Why take transpose of regressor variable in linear regression I am stuck trying to understand the basic calculation of ordinary least squares. From wikipedia
$$y = \beta X^T + \varepsilon$$
where $X$ is the independent variable, $Y$ is the dependent variable and $X^T$ denotes the transpose of $X$.
Why are we taking the transpose? In a simple linear function $f(x,y):y= ax + b$, we do not use the transpose of $x$, we just use the variable $X$ as is. So I am not sure why in linear regression, we need to take the transpose of $X$?
 A: Let me begin by saying it seems as though you're not being very careful when you write mathematical expressions. Nevertheless, I think I can understand what you're asking, so I will try to answer. 
To begin, we ought to straighten out the notation being used.
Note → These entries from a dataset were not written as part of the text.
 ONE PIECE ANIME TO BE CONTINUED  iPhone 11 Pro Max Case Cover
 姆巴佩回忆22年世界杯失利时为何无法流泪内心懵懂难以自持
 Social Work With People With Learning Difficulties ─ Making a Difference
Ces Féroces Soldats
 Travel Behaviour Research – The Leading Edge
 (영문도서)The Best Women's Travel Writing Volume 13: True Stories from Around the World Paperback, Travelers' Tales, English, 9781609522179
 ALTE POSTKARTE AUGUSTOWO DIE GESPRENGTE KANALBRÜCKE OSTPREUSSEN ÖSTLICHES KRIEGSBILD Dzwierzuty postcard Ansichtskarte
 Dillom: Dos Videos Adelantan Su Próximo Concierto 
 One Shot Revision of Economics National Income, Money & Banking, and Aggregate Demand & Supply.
Doing this will enable us to communicate more clearly and identify any misunderstandings that may exist.
When you write $f(x,y):y= ax + b$, I take it that you really mean the following
$$
y = ax + b
$$
where $a$ and $b$ are constants and real numbers (although, strictly speaking they need not be real numbers). Furthermore, $y$ is a function of only one variable, $x$, so we write $f(x)$ instead of $f(x,y)$. Pay particular attention to the fact that the commutative property of multiplication is satisfied when multiplying both $a$ and $x$ together. In other words, the order in which $a$ and $x$ are multiplied does not matter.
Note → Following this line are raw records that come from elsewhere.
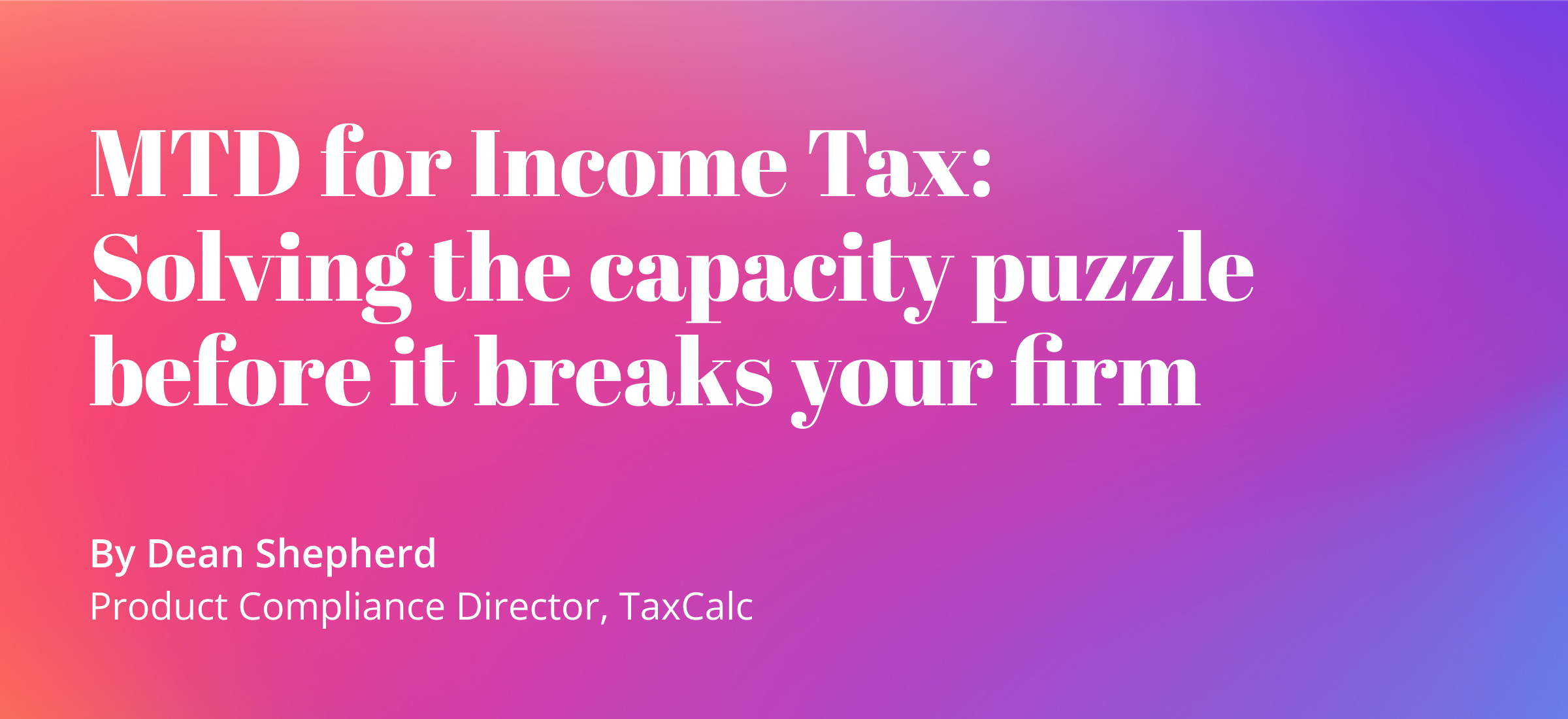 MTD for Income Tax: Solving the capacity puzzle before it breaks your firm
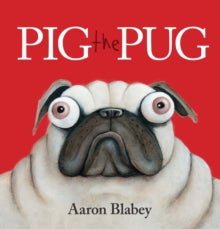 Pig the Pug - Aaron Blabey; Aaron Blabey (Paperback) 02-04-2015 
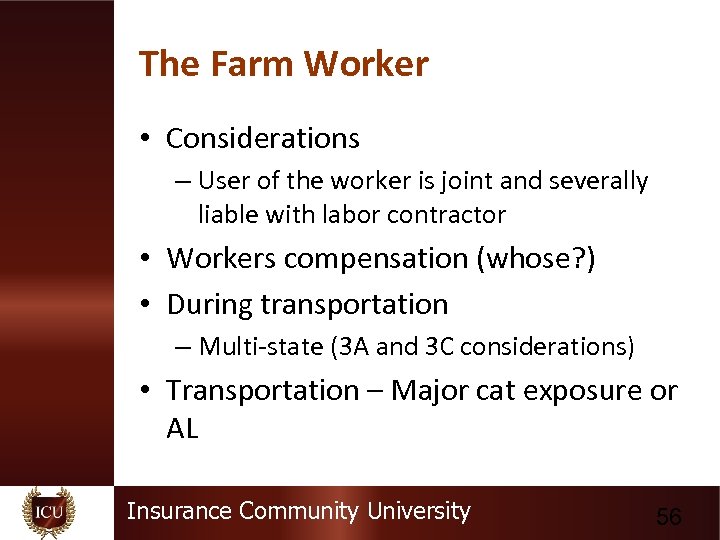 The Farm Worker • Considerations – User of the worker is joint and severally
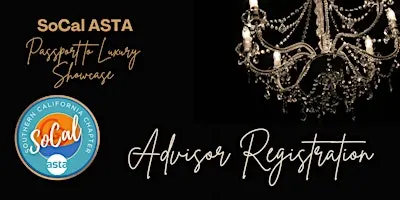 SoCal ASTA's Passport to Luxury Showcase (Advisor Registration)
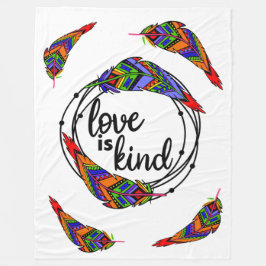 Love is Kind Fleece Blanket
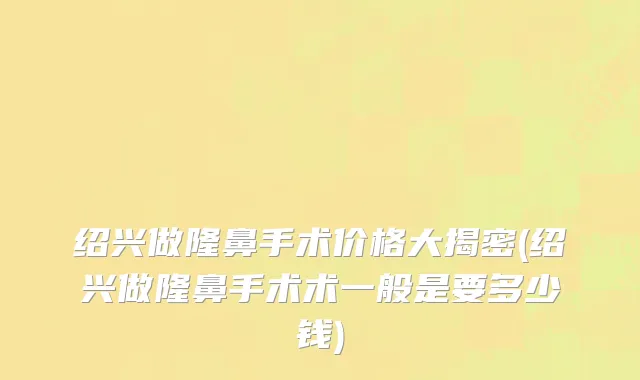 绍兴做隆鼻手术价格大揭密(绍兴做隆鼻手术术一般是要多少钱)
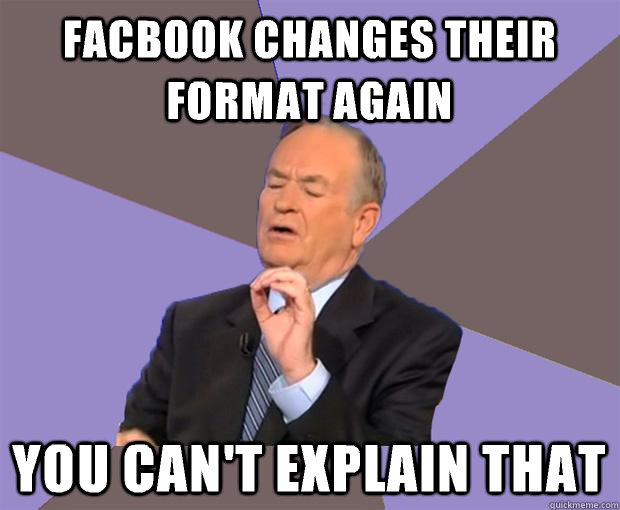 Facbook changes their format again You can't explain that  Bill O Reilly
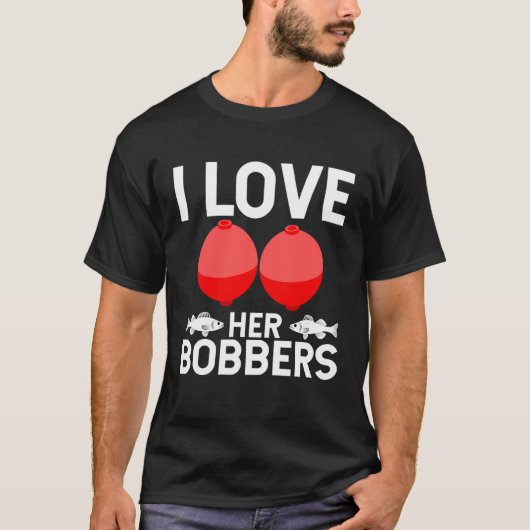 Fishing Humor I Love Her Bobbers Trendy Gag T-shirt (Voorkant)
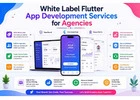 White Label Flutter App Development Services for Agencies
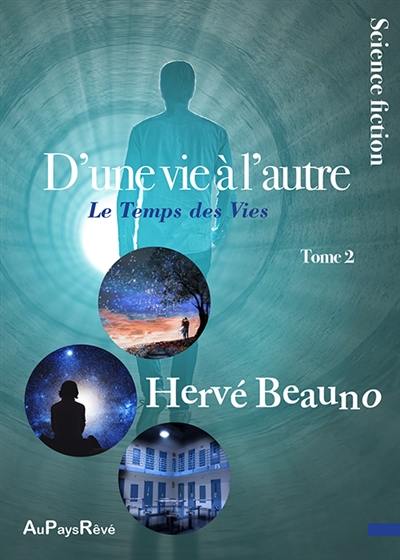 D'une vie à l'autre. Vol. 2. Le temps des vies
Now enter the other equation; namely, what you've written as $y = \beta X^{T} + \epsilon$. This is actually matrix notation and it has a different meaning to the (more everyday?) algebraic notation shown in the previous paragraph. The linear regression model can, in fact, be more commonly written in the following form
$$
y = X \beta + \epsilon
$$
where $y$ is a $(T \times 1)$ vector, $X$ is a $(T \times K)$ matrix, $\beta$ is a $(K \times 1)$ vector, and $\epsilon$ is a $(T \times 1)$ vector. The notation being used in brackets refers to the dimensions of each vector or matrix, where the first number refers to the number of rows and the second to the number of columns. So, for example, $X$ is a matrix with $T$ rows and $K$ columns. 
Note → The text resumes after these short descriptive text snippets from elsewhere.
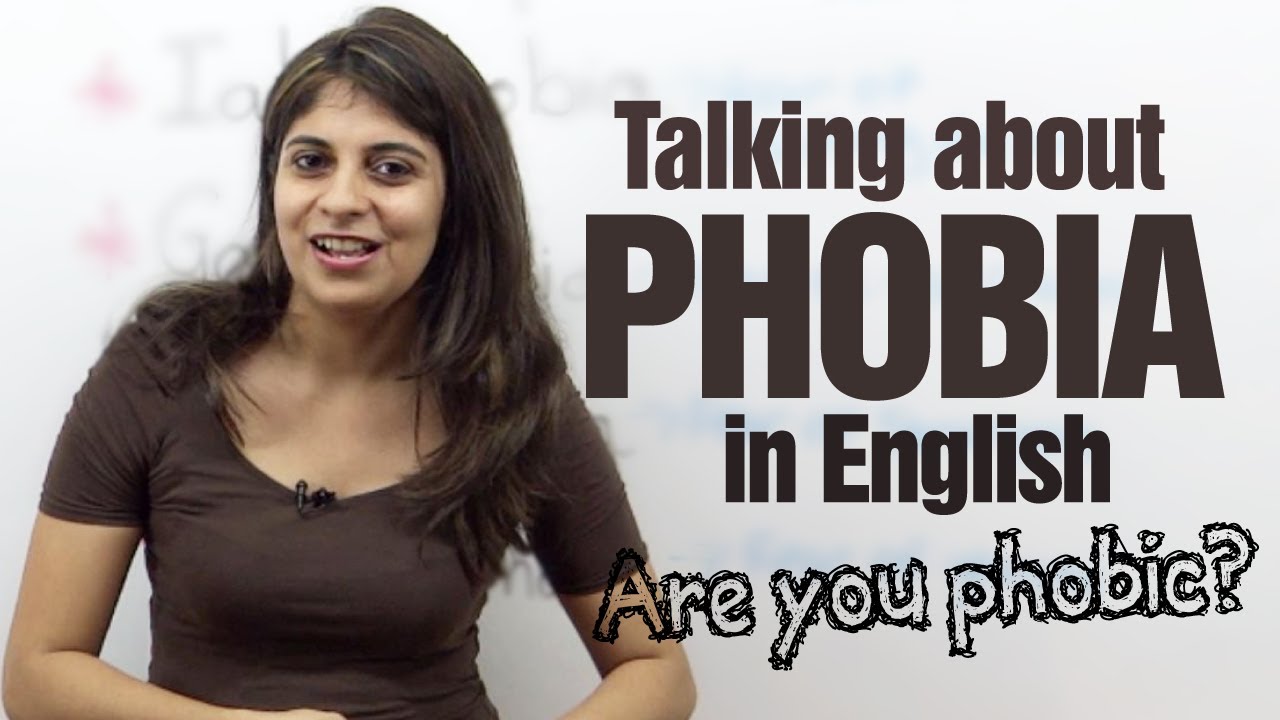 Talking about phobias in English - Advance English speaking lesson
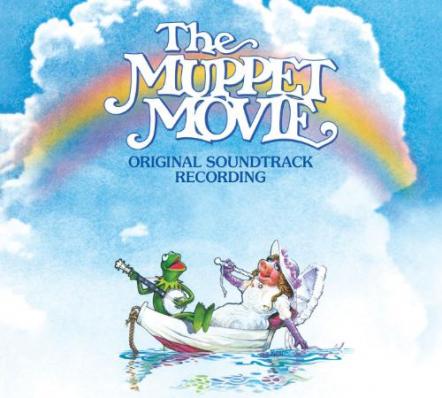 Walt Disney Records Celebrates The Upcoming 35th Anniversary Of The Muppet Movie Original Motion Picture Soundtrack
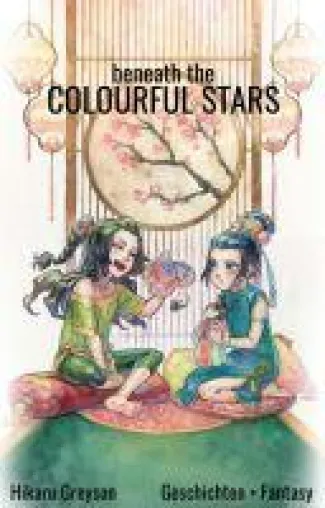 Beneath The Colourful Stars - Geschichten aus der Legende um Tama Bild: Beneath The Colourful Stars - Geschichten aus der Legende um Tama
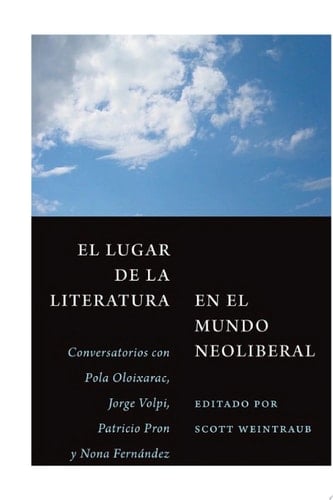 El lugar de la literatura en el mundo neoliberal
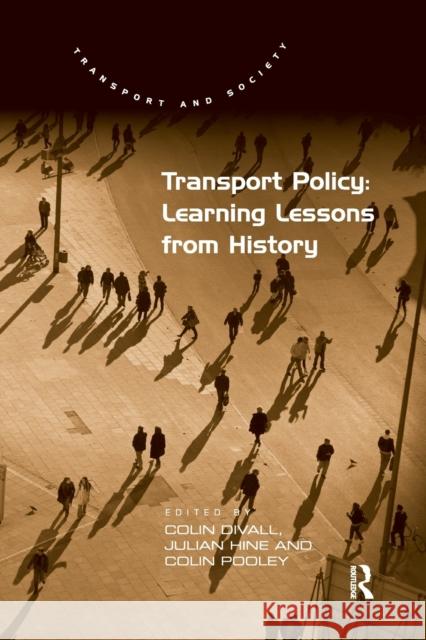 Transport Policy: Learning Lessons from History Colin Divall Julian Hine 9780367668532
Note the distinction! $X$ and $\beta$ are matrices not like $a$ and $x$, which are just scalar values. Crucially, the commutative property of (matrix) multiplication is not always satisfied in the world of linear algebra; the general case is that it is not satisfied. In other words, in general,  $X\beta \neq \beta X$. Furthermore, such operation may not even be permitted, since in matrix algebra, matrices must be conformable for multiplication if they are to be multiplied. 
In order for two matrices to be conformable for matrix multiplication, we say that the number of columns of the left matrix must be the same as the number of rows of the right matrix. In the linear regression model, $X \beta$ is possible because $X$, the left matrix, has $K$ columns and $\beta$, the right matrix, has $K$ rows. On the other hand, $\beta X$ would not be possible because $\beta$, the first matrix, has $1$ column while $X$, the second matrix, has $T$ rows - unless, of course, $T = 1$. 
At this stage, please revise what you meant when you wrote: $y = \beta X^{T} + \epsilon$.
Lastly, the Wikipedia page that you link us to shows that the linear regression model can also be written in a form involving a transpose:
$$
y_{i} = x_{i}^{T} \beta + \epsilon_{i}
$$
where both $x_{i}$ and $\beta$ are column vectors of dimension $(p \times 1)$. 
If anything I've written has made sense, you should be able to decipher why $x_{i}^{T} \beta$ and not $x_{i} \beta$.